# Silver Contacts



## Profikiskery (Jul 13, 2016)

My first attempt to expand beyond just sterling scrap. Had a customer give me 12.29 very clean silver contacts about 3/4 inch in size. He claims they are about 90% silver and I trust him. He also gave me the contacts pictured. 

I have been trimming the small buttons off of what you see but with the tools I have it is labor intensive. The light sheers I have do well with sterling scrap, but not so much with trimming these. 

My plan is to just process this alone to see what it yields.


----------



## johnny309 (Jul 13, 2016)

STOP!!!!
First you have to mechanically remove any screw and spring(a lot of iron).
Then you have to close cut the contact point.....it is a lot a copper(even if is silver plated ) and brass to make you lose much more precious acid in the process.

P.S.: What you have right now is a max 20% Ag for all the weight.... and I see that you have some cadmium in your contacts(the milky ones in color ).


----------



## Aristo (Jul 13, 2016)

https://www.youtube.com/watch?v=6TeVWYCZql4


----------



## warranty repair (Aug 21, 2016)

I thought I'd hijack this thread rather than start another to ask a question that I'm sure people will be able to answer and I can't really find a definitive answer on despite using the excellent search facility.

Through my pulling apart of things, I have encountered two types of silver contact. 

1. The type that is clearly a solid block of (alloyed) silver. This type obviously contains a good proportion of silver and is worth saving.

2. The second type is usually mushroom shaped and the stem forms a rivet type fastening through a buss bar. The 'mushroom' is nearly always copper and it has a silver capped top fused to the copper. On initial inspection it looks like the copper has been just plated with silver but by filing a groove in to the material the silver is actually quite thick (I would assume flash plating wouldn't give the desired mechanical resilience). 

Would any wise person suggest that these are worth keeping for the silver recovery?


----------



## butcher (Aug 21, 2016)

I am not sure without seeing the electrical contacts you speak of, but most of the silver contacts that are riveted I have seen have also been fairly high silver content.
Silver is not the only metals used for contacts, some of the metals can produce dangerous fumes when melted so take caution.

Searching the forum will be helpful use different keywords and authors.
Here are some metals you can expect to find:
http://goldrefiningforum.com/phpBB3/viewtopic.php?f=50&t=20969&p=215987&hilit=silver+contacts#p215987


----------



## goldsilverpro (Aug 21, 2016)

Many or most of the big (at least 1/2") square, rectangular, or round points are made from coin silver - 90Ag and 10Cu - assuming they aren't the silver-tungsten type. They are brazed onto the copper buss with a silver braze that usually contains cadmium. When you sweat them off the buss, you also pick up some of the Cu from the buss. Overall, you end up with metal that averages about 83% silver, in my experience


----------



## warranty repair (Aug 21, 2016)

Thanks for the replies. Rest assured I have no intention of melting anything!

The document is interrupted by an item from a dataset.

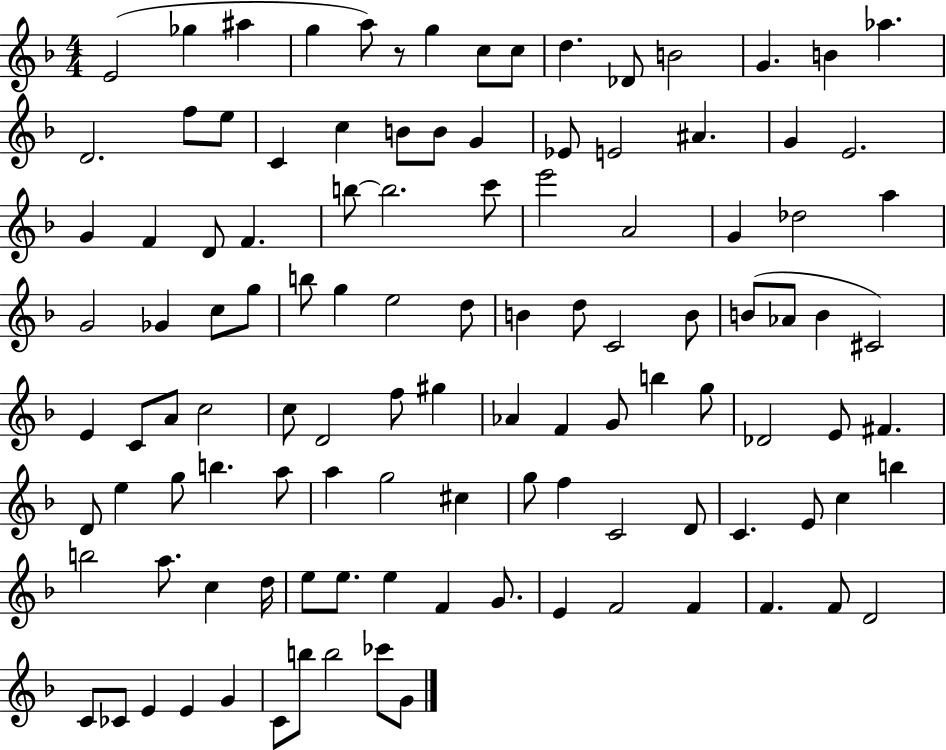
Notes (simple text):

E4/h Gb5/q A#5/q G5/q A5/e R/e G5/q C5/e C5/e D5/q. Db4/e B4/h G4/q. B4/q Ab5/q. D4/h. F5/e E5/e C4/q C5/q B4/e B4/e G4/q Eb4/e E4/h A#4/q. G4/q E4/h. G4/q F4/q D4/e F4/q. B5/e B5/h. C6/e E6/h A4/h G4/q Db5/h A5/q G4/h Gb4/q C5/e G5/e B5/e G5/q E5/h D5/e B4/q D5/e C4/h B4/e B4/e Ab4/e B4/q C#4/h E4/q C4/e A4/e C5/h C5/e D4/h F5/e G#5/q Ab4/q F4/q G4/e B5/q G5/e Db4/h E4/e F#4/q. D4/e E5/q G5/e B5/q. A5/e A5/q G5/h C#5/q G5/e F5/q C4/h D4/e C4/q. E4/e C5/q B5/q B5/h A5/e. C5/q D5/s E5/e E5/e. E5/q F4/q G4/e. E4/q F4/h F4/q F4/q. F4/e D4/h C4/e CES4/e E4/q E4/q G4/q C4/e B5/e B5/h CES6/e G4/e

These are the contacts I'm talking about. Hopefully you can see that the silver part is just at the top of the 'mushroom'. At a guess I'd say they would yield about 5% but are they worth bothering with?


----------



## butcher (Aug 21, 2016)

Those do look like copper with a thin coating of silver or another white metal.
You can try one in nitric, or in used copper II chloride solution with heating, and see what you get in the experiment.
It may be worth testing, I have seen some copper points plated with a thick coating of palladium (tractor magnetos).

Contacts are used in many different applications, High or low current, High current would need to handle Arcing when points open or close. whether it opens or closes under load (like in switching a motor on) or switching with the machine off (like in DC motor reversal operations), in low current applications where Arcing is not as much of a problem they will use a different metal or alloy. 

Many factors come into play in the designs of contacts: AC current or DC current, low or high voltages, how often the contact is expected to operate in a reasonable lifetime.

Very low current and low voltage like in digital electronic signal switching, where getting the signal through the switch is important for reliability, and the contact will not clean itself through arcing or wiping, and any oxidation would be a big problem, for instance in digital low current high-speed switching, as in a computer or other digital electronics you can expect to find gold involved. older telephone equipment used a lot of gold or palladium.

Knowing the application can give clues to the construction of contact ,for instance In high current AC contacts where high arcing are subject to melt the contact or weld them together you can expect silver and tungsten, where the switch or contact is not operated too often it may just be a thick coating of silver alloy onto copper, or where it may be operated often (opened and closed)have a thick large chunk as the silver alloy contact, Battery operated forklifts can have many very large silver alloy contacts over an ounce each...


----------



## marlyn (Oct 16, 2016)

Hi guys,

I've got about 7kgs of contacts you see on the picture below and about 20kg more is coming. To remove silver parts piece by piece, it would take a lot of time, not talking about being exposed to cadmium fumes during the process. Most of the metal mass is coper, probably zinc and silver, so I was thinking about the following way of process:

- melting it outside using furnace to one piece (let's say 1kg big),
- collecting copper using electrolysis 
- remelt the residue from the bottom of the cell once again and use silver cell to gain 99% pure silver

What do you think about it. Any experience with this type of material?


----------



## Smack (Oct 16, 2016)

Melt that all together? NOT a good idea. Get the proper chemicals for the type of process you want to follow but first make sure you know the process well.


----------



## etack (Oct 16, 2016)

If you already plan to put the bar in a Cu cell I wonder if you could just use that as feedstock without melting. This should leave just the silver in the basket??

Eric


----------



## marlyn (Oct 17, 2016)

etack said:


> If you already plan to put the bar in a Cu cell I wonder if you could just use that as feedstock without melting. This should leave just the silver in the basket??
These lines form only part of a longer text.